Carlton Myers ha rilasciato una lunga intervista a Flavio Vanetti sul Corriere della Sera. Riportiamo qualche passo.


“Essere portabandiera a Sydney? Dal punto divista sportivo c'erano tanti più meritevoli di me. Ma era un periodo particolare e si lanciavano i primi messaggi per un Paese multietnico. Fu una scelta furba? Non credo che qualcuno ne abbia approfittato, ma io pensavo solo all'occasione offertami dal Coni. Il presidente Petrucci aveva ragione: la Nazionale è tutto. Oggi di me ricordano la vittoria all'Europeo 1999, il ruolo avuto a Sydney e il record di 87 punti in campionato. Ma il primato viene dopo le imprese azzurre.
La mia carriera? I momenti difficili superano quelli belli. Sto leggendo "Open", il libro di Andre Agassi. Dice che il dolore della sconfitta dura più della gioia della vittoria: concordo, spesso rammento le finali perse più che i giorni dei successi. Ma le sconfitte mi hanno reso più forte. Cosa non rifarei? Non metterei becco nelle scelte societarie. Tra l'altro l'unica volta che non l'ho fatto abbiamo vinto lo scudetto.

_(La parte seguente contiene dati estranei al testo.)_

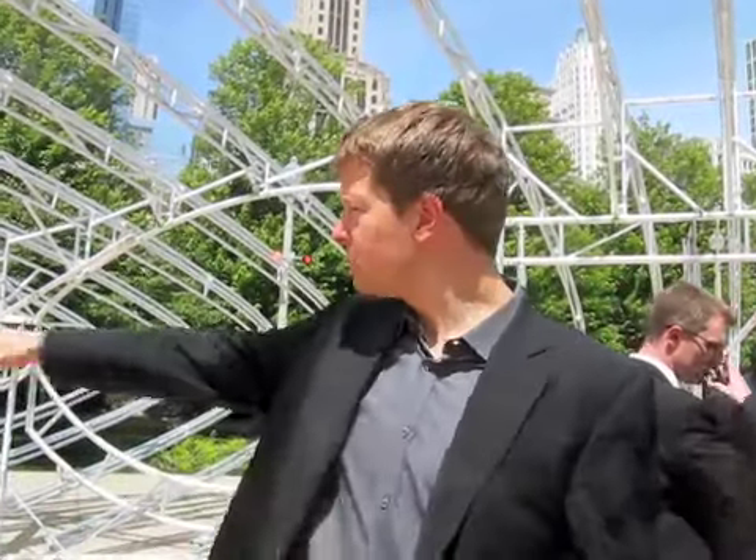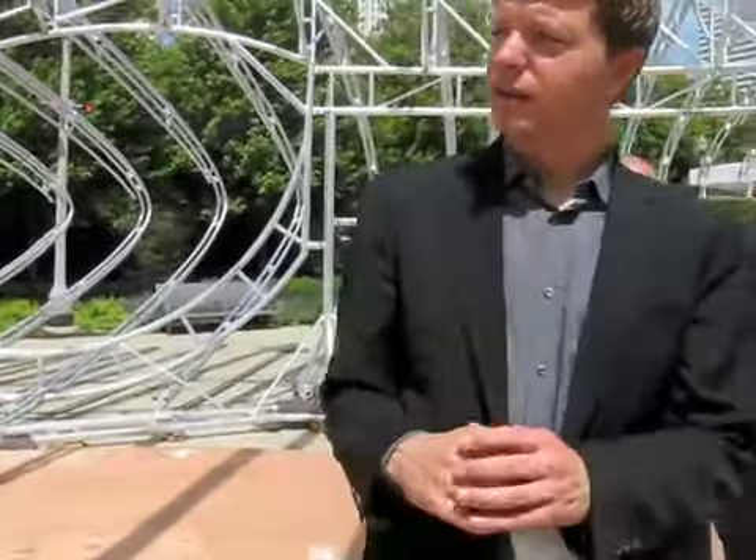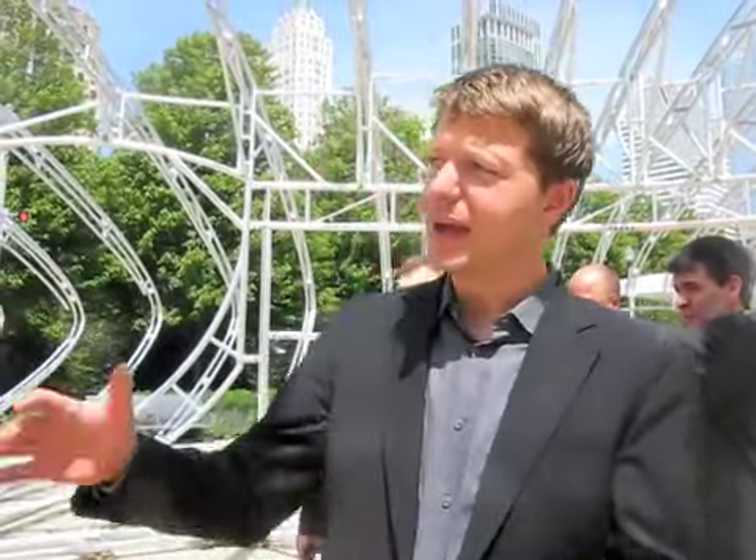This ring beam on the bottom consists of thick structural tubes that close the structure at the bottom, and the skin will also be suspended to that ring beam.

Italia razzista? Già il fatto che si discuta se sia giusto nominare Balotelli capitano della Nazionale di calcio spiega che non è cambiato nulla: anche per un ragazzo di colore dovrebbe essere la normalità ambire a quel ruolo. La multietnicità? Ho un doppio approccio alla questione. Chi giunge da noi può portare una ricchezza che ignoriamo. Però d'altro canto sono rigido: se scappi e cerchi tranquillità devi saperti integrare, sennò torni da dove sei venuto.

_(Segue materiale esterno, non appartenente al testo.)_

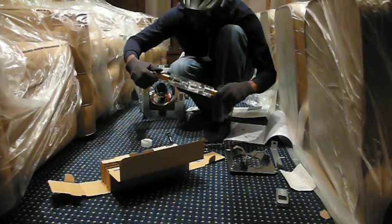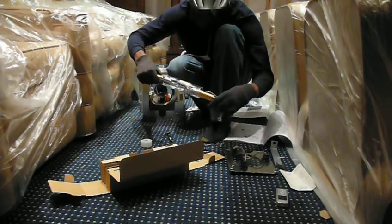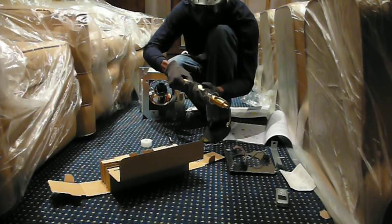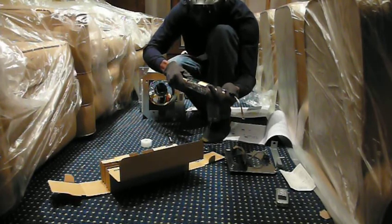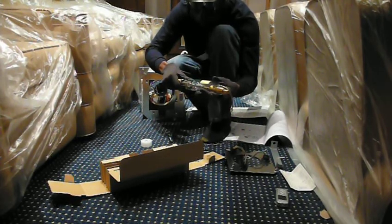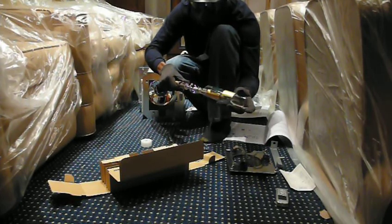It has a protective Pyrex sleeve that's going to come out once it's inserted at the bottom of it, I take it. Can you mount it like that and then slide the thing out? Yes, it's going off.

D’accordo con Salvini? Sono per il rispetto delle regole, come sostiene lui. Poi il modo in cui lo esterna, ecco, non è il più delicato di questa Terra.
I conflitti con i CT? Definire conflittuale il rapporto con Tanjevic è un eufemismo. Ho avuto scontri titanici, con Andrea Meneghin spesso in mezzo a dividermi da lui. Boscia in un time out agli Europei mi aggredì verbalmente, forse avrebbe voluto farlo fisicamente. Ero a un bivio: o saltargli al collo o accettare il rimprovero. Scelsi la seconda opzione e fu la svolta. Valerio Bianchini mi ha sempre stimolato, anche in modo pesante. Ma era Bianchini, aveva carisma e poteva permetterselo. Quanto a Messina, dopo una partita ribaltò tutta la Nazionale. Ma aggiunse: "Myers, che passa per lavativo, s'è dimostrato l'unico vero. Quella frase mi colpì: a quei tempi facevo l'originale, portavo l'orecchino...
Ero troppo individualista? Ho cominciato a riflettere quando non sono arrivati i risultati. Ho iniziato tardi col campionato di basket, avevo provato la boxe. Ho imparato da solo e mi è mancato il senso del collettivo che i coetanei hanno invece avuto. Mi arrangiavo: il mio concetto di gioco era fare canestro; poi ho afferrato che conta il gruppo.
La mia conversione? Nel 2000, dopo aver perso la prima partita della finale contro la Benetton, non avevo più fiducia in me stesso. Non volevo giocare gara-2 a Treviso, studiavo come defilarmi. Nel pieno della disperazione gridai a Dio: "Signore, non so se vorrai che vinca lo scudetto. Se non è nel-la tua volontà, lo accetto ancora; ma sappi che stavolta non ne esco". Sono una persona concreta: per me contano i fatti. E i fatti dicono che mi recai a Treviso con uno stato d'animo diverso. Quella è stata la prima esperienza in cui il Signore mi ha ascoltato. Oggi medito ogni mattina, studio i Salmi e mi interesso ai passi in cui Dio è un'ancora, un rifugio, una rocca per i momenti particolari della vita.”